Incremental progress but progress nonetheless. And let’s remember what we are progressing toward. As Manhattan Institute Jordan McGillis explains in a new report, “Autonomous Now: Why We Need Self-Driving Technology and How We Can Get It Faster,” the potential for AVs to improve road safety and reduce transportation costs remains pretty compelling. AVs equipped with autonomous driving systems are already safer than human drivers and have the potential to significantly reduce the more than 40,000 annual deaths caused by motor-vehicle collisions in the ... The adoption of AVs also promises cost savings due to reduced labor needs, resulting in lower ride-hailing and trucking expenses. The report emphasizes that AVs with Level 4 automation, capable of autonomous driving within specific environments, hold immense potential for safety enhancement and economic benefits. Among his policy suggestions:
To support successful [autonomous ride-hailing], U.S. cities should: (1) allocate curb space to ride-hailing loading and unloading; (2) allow autonomous ride-hails to use preferred lanes; and (3) implement congestion pricing.

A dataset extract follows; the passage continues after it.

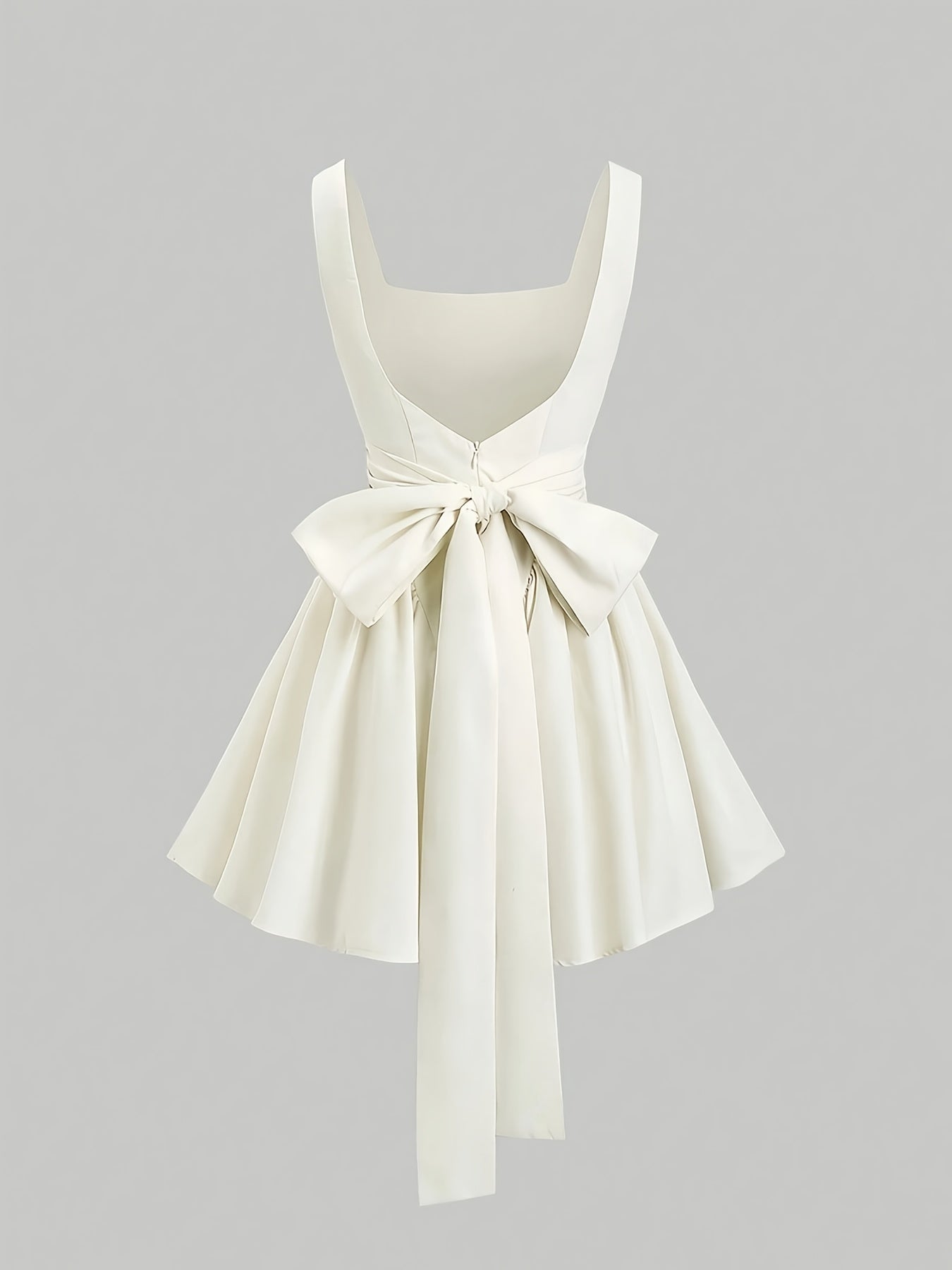 BXOXO Elegant Sleeveless Square Neck Dress with Bow Detail, Solid Color Polyester, Summer Wear, Butterfly Knot Decor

State governments should: (1) devote a state policy office to AVs; (2) license ADS similarly to the licensing of human drivers; and (3) invest in quality infrastructure that facilitates autonomous technology without prematurely committing to vehicle-to-infrastructure (V2I) technology.
The federal government should: (1) raise or eliminate AV manufacturing caps; (2) address problems as they arise, rather than before they arise; and (3) use the power of federal highway funding to induce state receptivity to autonomous trucks.
Give the tremendous benefits from mass AV adoption, this is truly a “Faster, Please!” situation.
▶ Artificial Intelligence and Scientific Discovery: A Model of Prioritized Search - Ajay K. Agrawal, John McHale & Alexander Oettl, NBER | The complexity of the new research frontiers provides one explanation for disappointing recent productivity growth despite exponentially increasing resources invested in R&D. Innovators lack the kinds of science-based predictive theories to search these spaces that underpinned past scientific advances, most notably the predictive tools provided by 19th and 20th century advances in theoretical physics. Many of today’s greatest innovation challenges are in the domain of biology – small molecule-protein binding, gene expression, protein structure prediction, protein design, etc. Scientists hope that AI-based predictive models will provide useful tools to guide search at these challenging frontiers.